For a comparison of how things went from Newbery Award bait to not-safe-for-work ballsy, here’s a scene from the original, in which a worried girl revives one of her unconscious look-alikes:

Princess tilted KK’s head back, held her nostrils closed and covered KK’s open mouth with her own. She exhaled a big breath into KK’s lungs, making her narrow chest rise. Princess took her mouth away for a few seconds, then repeated the process.

“Come on,” she whispered. A big tear ran down her left cheek. “Come on and breathe. Come on, KK. Don’t leave me here alone.” She put her mouth on KK’s for a third try.

KK sputtered, gave a small cough and half-opened her eyes. When she was able to bring Princess into focus, she mumbled, “Jeez, were you just making out with me?”

Princess appeared both delighted and genuinely shocked. “No, no! I was only trying…”

KK cut her off by weakly saying, “Relax, I’m kidding, I’m kidding!” She woozily tried getting to her feet.

And here is what that scene became in “Sex Kittens”:

Beautiful formed a seal with her mouth on DD’s. She exhaled a big breath into her limp look-alike’s lungs, making DD’s chest rise. She took her mouth away for a few seconds, then repeated the process.

“Come on,” she whispered. “Come on and breathe, DD. Don’t leave me here alone.” She put her mouth on DD’s lips for a third try.

DD sputtered, gave a small cough and half-opened her eyes. When she was able to bring Beautiful into focus, she mumbled, “Hey, were you just making out with me?”

Beautiful appeared both delighted that DD was alive and alarmed that DD thought she might be trying to take advantage of her while she was incapacitated. “No, you’ve got it all wrong!” she protested. “I was only…”

“Oh, shut up and come here, you big stupid.” DD hooked an arm around Beautiful’s neck and pulled her head down so their lips met again.

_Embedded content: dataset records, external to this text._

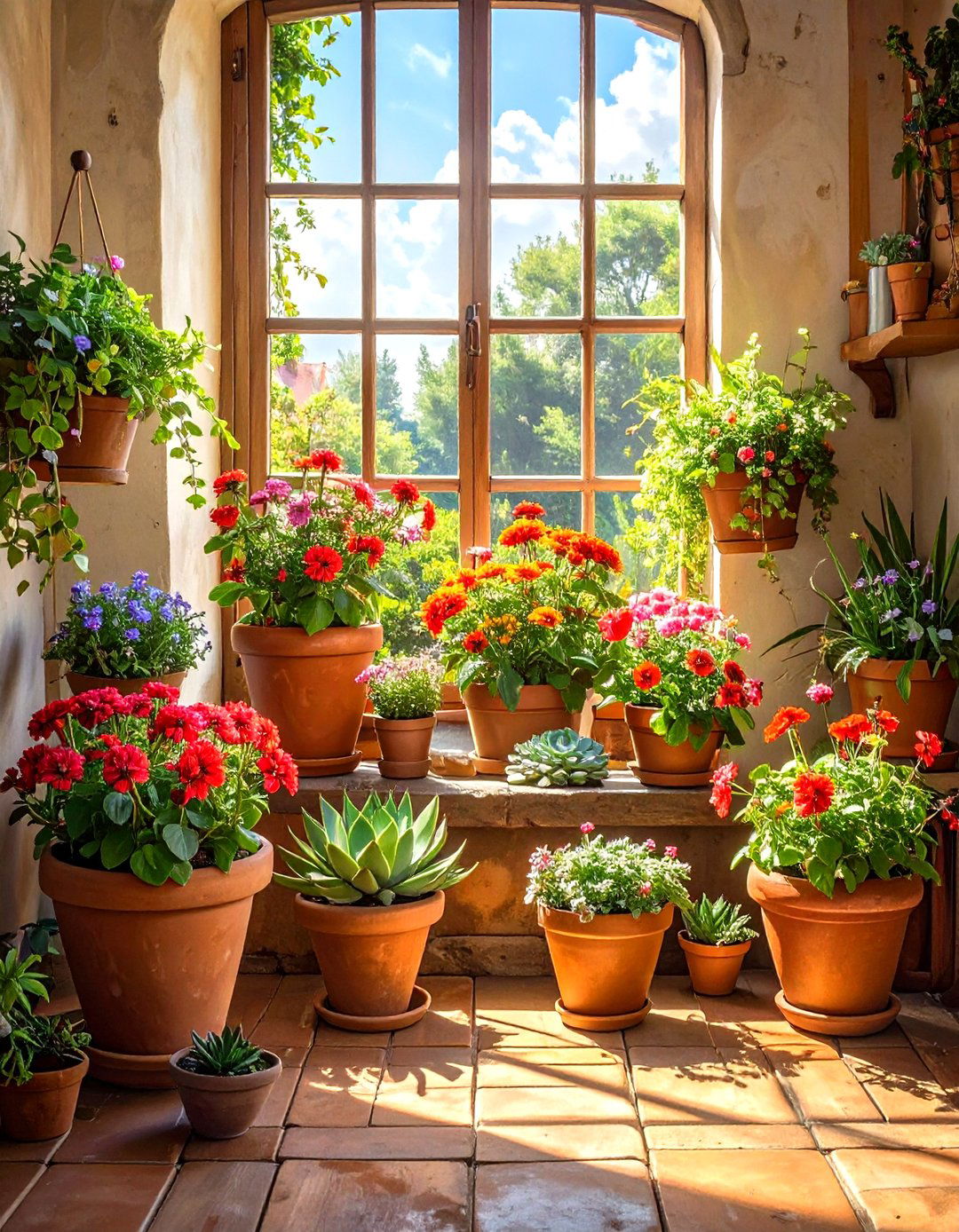 Terracotta Pottery and Planters - 30 spanish interior design ideas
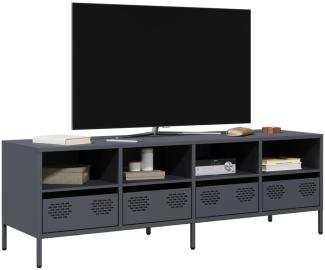 vidaXL TV-Schrank Anthrazit 135x39x43,5 cm Kaltgewalzter Stahl 851330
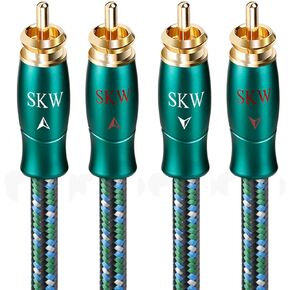 SKW 2RCA to 2RCA Audio Interconnect Cable Entry Level HC Series Cable 16.4ft/5m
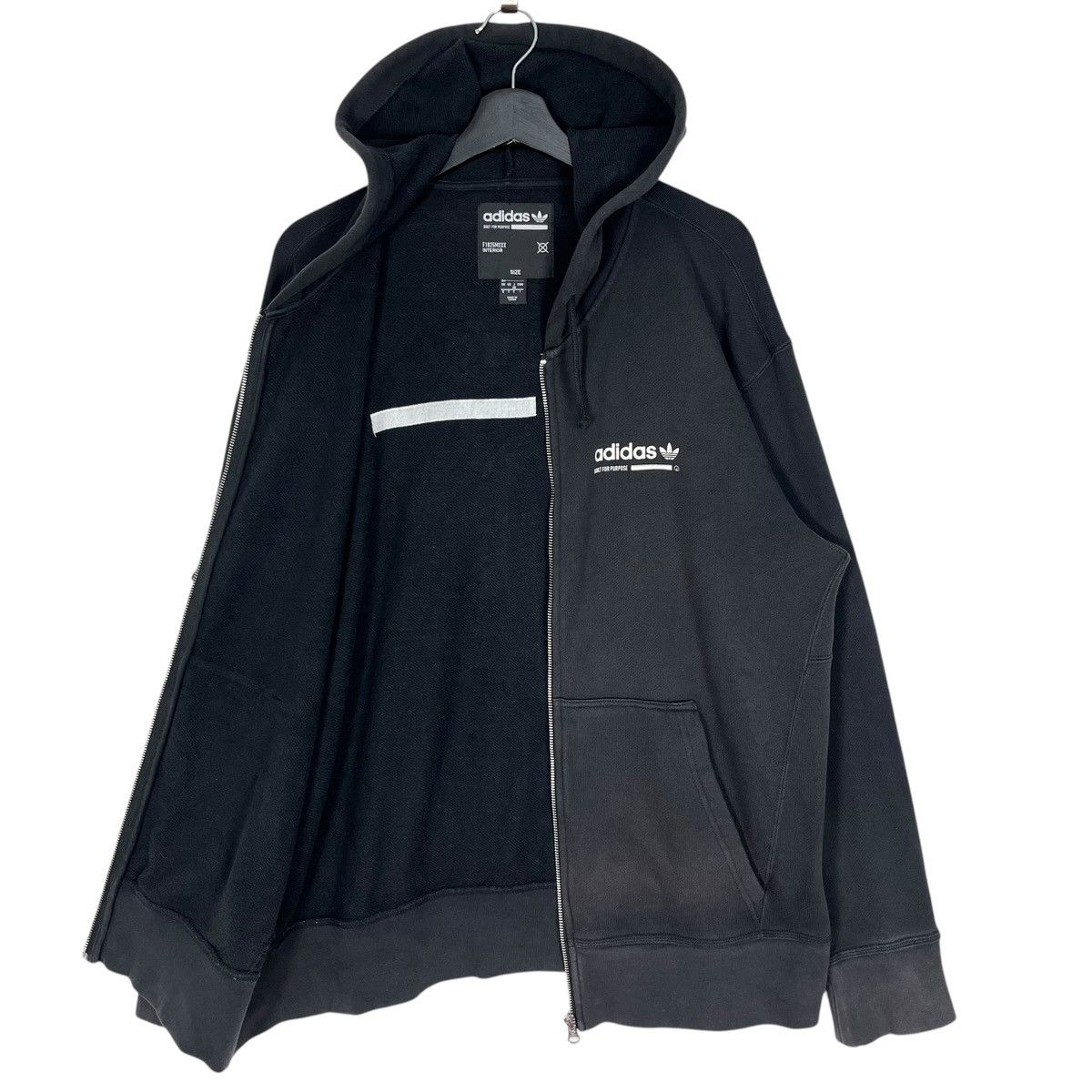 Adidas Adidas Zipper Hoodie Jacket Size US XL / EU 56 / 4 - 7 Thumbnail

DD’s tongue found Beautiful’s for a long, passionate French kiss that Beautiful soon found herself eagerly reciprocating.

And so on. And on and on.

Where laboring over the sugary “Six Kristens” felt like discharging an agonizing obligation, spicing everything up as “Sex Kittens” was genuine fun. I’m actually happier with the unrepentantly indecent new version than I was with the original. It’s not only more amusing but faster moving, which makes it better bathroom reading for more than the obvious reason.

I didn’t know if “Sex Kittens” would sell any better than its different-as-night-and-day cousin, but I sure couldn’t imagine it doing any worse.

As it turns out, first-day sales of the porn parody matched the total sales of the original novel (a big fat “one,” that is), which I took as encouraging news.

And whether it eventually becomes a bawdy bestseller or is only another embarrassing bust, I was proud to put my name on it.